§ **Exercise data**
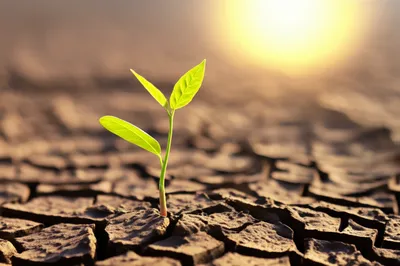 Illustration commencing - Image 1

--

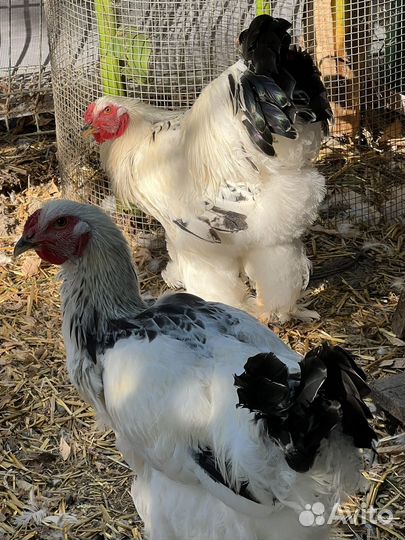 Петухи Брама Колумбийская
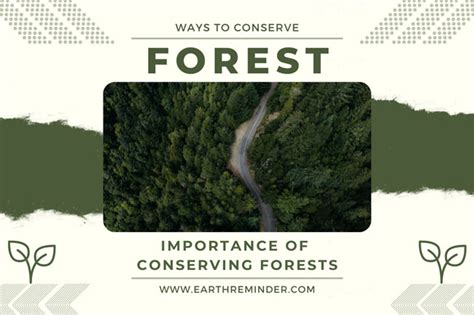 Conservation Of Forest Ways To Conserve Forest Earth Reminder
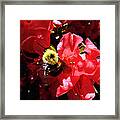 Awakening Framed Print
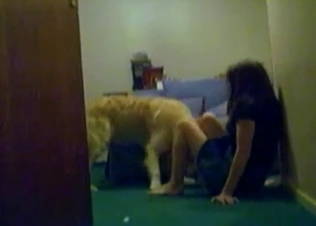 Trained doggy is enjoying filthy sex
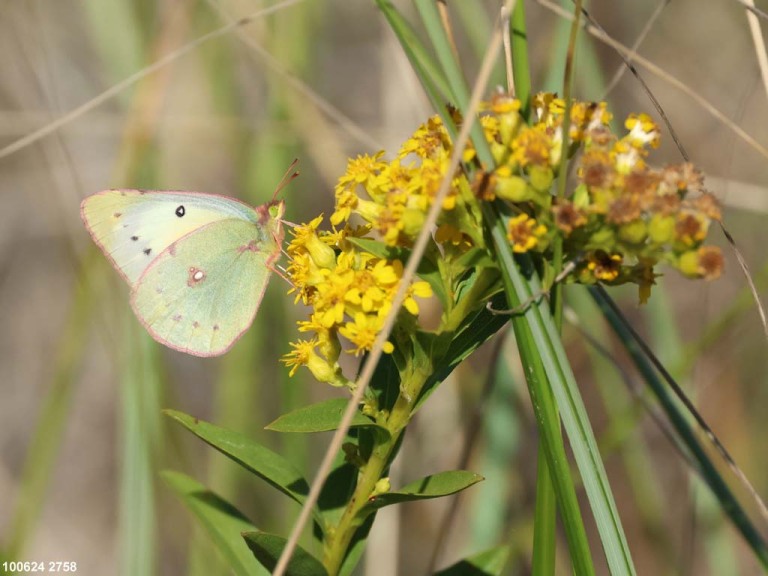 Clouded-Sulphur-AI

§ **What is being asked**
What is needed is an exact copy of the lines above from the one with "Trained doggy is enjoying filthy sex" to the one with "Clouded-Sulphur-AI", both ends kept, and nothing more; please leave the pictures out.

§ **Response area**
 Trained doggy is enjoying filthy sex
 Clouded-Sulphur-AI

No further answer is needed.